++++ Provided material
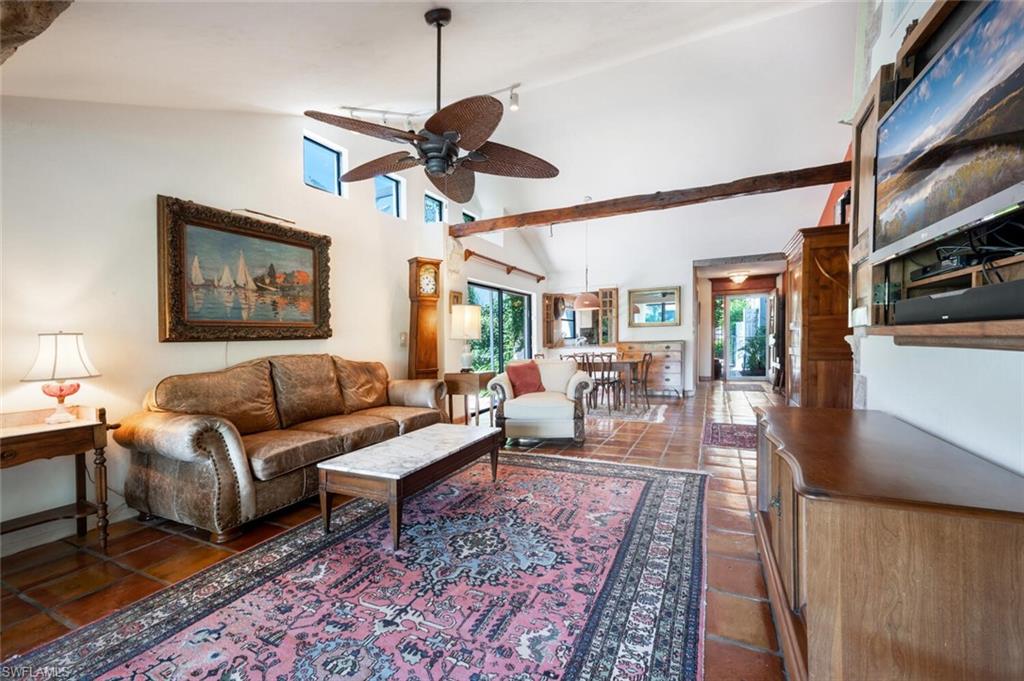 839 Reef Point Circle, Unit 41 Naples, FL 34108 - Photo 10 of 37 a living room with furniture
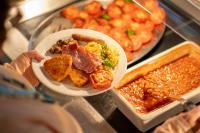 una persona sosteniendo un plato de comida en un mostrador en Sarum College, en Salisbury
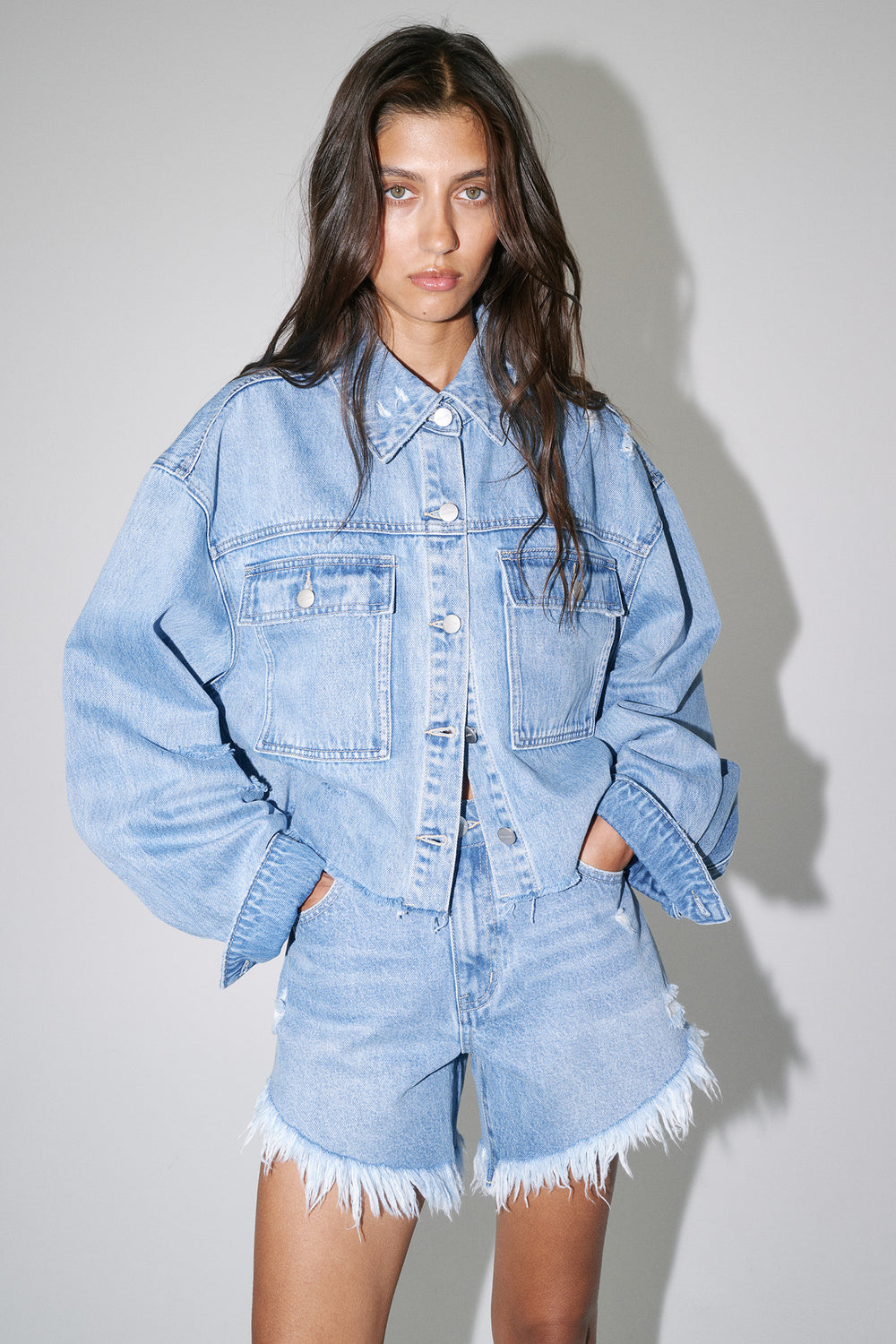 Model wearing a light wash cropped denim shirt with patch pockets and matching frayed shorts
++++++++
* **Problem**
Take the line containing "una persona sosteniendo" and every line after it through the end of the data, and write them out exactly, with no pictures.

* **Solution**
 una persona sosteniendo un plato de comida en un mostrador en Sarum College, en Salisbury
 Model wearing a light wash cropped denim shirt with patch pockets and matching frayed shorts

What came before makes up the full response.